For further information on all aspects of health and safety, including Personal Protective Equipment (PPE), visit the HSE website www.hse.gov.uk or www.britsafe.org or call the HSE Infoline on +44 (0) 8701 545500.
What is a Risk Assessment?
A Risk Assessment is a straight-forward, common-sense approach of identifying and recording potential hazards which might cause harm, how this harm might be caused, and who might be harmed. It specifies how to reduce the likelihood of these hazards causing harm. Vulnerable groups, including people with restricted mobility, impaired vision or hearing, will need to be given extra consideration and additional controls may need to be implemented to keep them safe.
There are two levels of risk assessment:
This assesses the risks that you will already know about and can do something about (such as wearing appropriate clothing in cold or wet weather or using a pedestrian crossing, bridge or underpass to reach the other side of a road to avoid being hit by a vehicle or cyclist).

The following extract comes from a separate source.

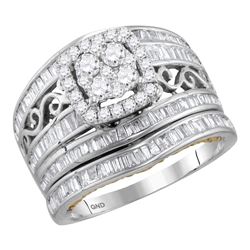 1.4 CTW Diamond Cluster Bridal Engagement Ring 14KT Two-tone Gold - REF-134F9N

2. on-site or particular risks
This assesses potential hazards which you might encounter whilst on a site visit or on a tour. These could include using ladders in your survey and recording work or identifying unsafe structures.
The on-site assessment should be dynamic, reflecting what you can observe on the site, and you should change the assessment if conditions change. This could include:
• change in weather conditions
• obstruction or hazard caused by a third party
• unforeseen circumstances
Where the level of risk involved is moderate or high, you should detail what measures you take to control the risk. Preferably, avoid the risk completely.
Once you have completed the Risk Assessment sign and date the form. The form should be read and agreed by all team members before beginning a building or site visit, or tour.